I have two distinct types of nodes (LABELS in redisgraph). The blue circles in the diagram are called WORKLOAD
. The yellow ones are called API
.
Between two workloads, there is a relationship/edge ACCESSES_WORKLOAD
(indicated by the lightest blue/cyan edge). In the attached image, front-end
workload accesses user
and order
workloads. The order
workload accesses user
workload.
Between a API
node and a WORKLOAD
node there exists two types of relationships/edges. One is called a CONTAINS_API
(dark blue link in the image) and another is called a ACCESSES_API
(violet link in the image). For example, in the attached image, the user
workload contains eight API
s, Out of which six are consumed by front-end
(the list: includes 3 /customers/...
, /addresses
, /register
, /cards
). The two remaining API
s are consumed by the orders
(the list: /cards/{cardsId}
and /addresses/{addressesId}
.
The front-end
also accesses three API
that are contained by the orders
workload too (/orders/...
)
It is also possible that two WORKLOAD
s may have an ACCESSES_WORKLOAD
edge between them, but without any API
as node as common between them.
A WORKLOAD
may have an extra edge/relationship called CAUSES_ATTACK
to an API
in addition to the ACCESSES_API
edge. It is indicated by green color in the image. This may not exist always. In the attached image, the front-end
workload has this edge to the /catalogue/sock
API but not with any of the other API
s.
Now I want to get the list of all workload-pairs and the ID of the API
nodes in between them, if any.
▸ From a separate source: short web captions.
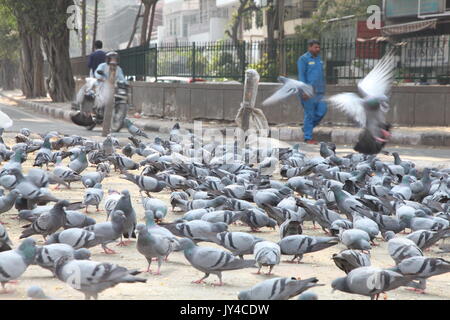 Taube in Neu Delhi, Kabootarbazi, Leidenschaft der Taubenhaltung, Taubenfliegen in einem Park, Ruhepause Taube, gehört, Tauben, gräulich, blau( © Saji Maramon) Stockfoto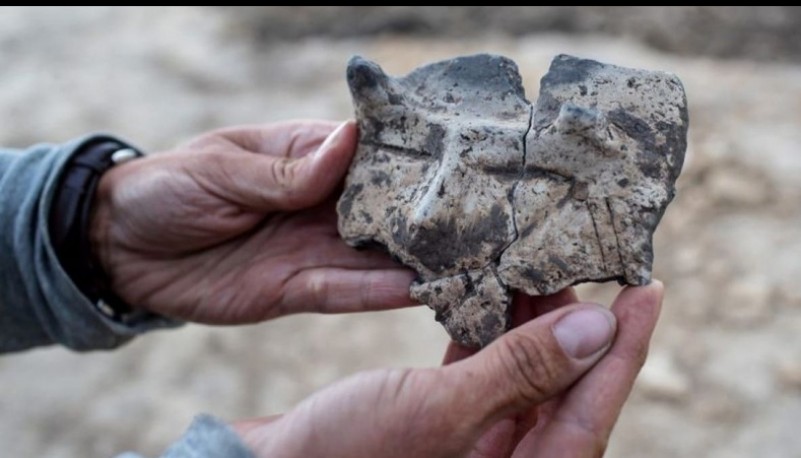 Encontraron un fragmento de un cuenco en un asentamiento de 7.000 años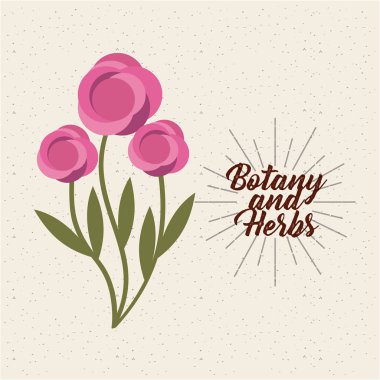 botanik ve otlar tasarım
The cypher query that I tried is:
MATCH (w1)
MATCH (w1)-[awe:ACCESSES_WORKLOAD]->(w2 {deleted_time: -1})
OPTIONAL MATCH (w2)-[:CONTAINS_API]->(a:API)
OPTIONAL MATCH (w1)-[:ACCESSES_API]->(a)
OPTIONAL MATCH (w1)-[cae:CAUSES_ATTACK]->(a)
WHERE ID(w1) IN %s
RETURN DISTINCT awe, w1, w2, collect(ID(a)), collect(distinct cae.name)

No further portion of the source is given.